Whether the textbook author wants to preach the Way of Bayes or not, the students, provided they actually become empirical scientists, are going to face journal and conference reviewers who want to see p-values. Failing to teach them how to construct credible intervals and perform Bayesian significance testing based on posterior distributions is failing to teach them skills necessary for our profession.

grayclhn · on Nov 21, 2014

It's very unusual to not cover hypothesis testing in an introduction to statistics class. The students are going to see "testing" again. The passage you quoted was about teaching from the book, not using it for self study.

Perceval · on Nov 20, 2014

Hopefully they can fix the embarrassing typo: "Monte Hall problem" should be "Monty." Not sure how that could have escaped notice. Maybe they were thinking about Monte Carlo simulations when writing that bit, but someone should have caught this.

tjradcliffe · on Nov 20, 2014

Proofreading is one of the great unsolved technological problems. Human attention is a fantastically limited resource, and even multiple layers of checking frequently lets what subsequently appear to be "obvious" errors slip through.

The recent "cite crappy Whoever paper here" goof in a peer-reviewed journal is a typical example, and is notable only in that it is so egregious that it was caught and publicized. It is essentially certain that a large fraction of published papers contain at least one significant typo. I know of one case where two figures in a paper were identical (figure 2 was duplicated in figure 3) and it was missed by the co-authors (one of whom was fanatically careful) the journal editors and the referees.

We are never directly aware of our own inattentiveness, by definition, so the reality of how inattentive we are comes as a constant surprise.

To twist this vaguely back on topic: as well as being attentionally blind, we are also probability blind. I liken this to colour-blindness: we simply do not see probability distributions and have a terrible time thinking about them, yet we are completely immersed in them every day.

Between these two things--attentional blindness and probability blindness--we frequently end up interacting with the universe in ways that make little or no sense, as we behave as if we a) notice everything and b) live in a world of certain outcomes. The modern revolution of treating probability theory as logic is a huge big deal, and people who adopt it are likely to have a considerable advantage in years ahead.
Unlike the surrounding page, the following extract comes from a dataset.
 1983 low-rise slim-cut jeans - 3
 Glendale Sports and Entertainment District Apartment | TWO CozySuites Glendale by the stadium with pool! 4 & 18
For one thing, it makes dealing with our attentional blindness easier, because it helps us understand and represent in our reasoning our imperfect attentional capabilities.

grayclhn · on Nov 20, 2014

A clear link to the LaTeX source file on github would solve a large part of the proofreading problem. Especially since the book is nominally licensed under the GNU FDL.

topherjaynes · on Nov 20, 2014

If you read the citation they're following the original source, which isn't the common usage either, but at least it doesn't seem as glaring now.

http://www.jstor.org/discover/10.2307/2683689?uid=2&uid=4&si...

pash · on Nov 21, 2014

The various spellings arise because the television host's real name was Monte Halparin, and he used the stage name "Monty Hall" [0].

0. http://en.m.wikipedia.org/wiki/Monty_Hall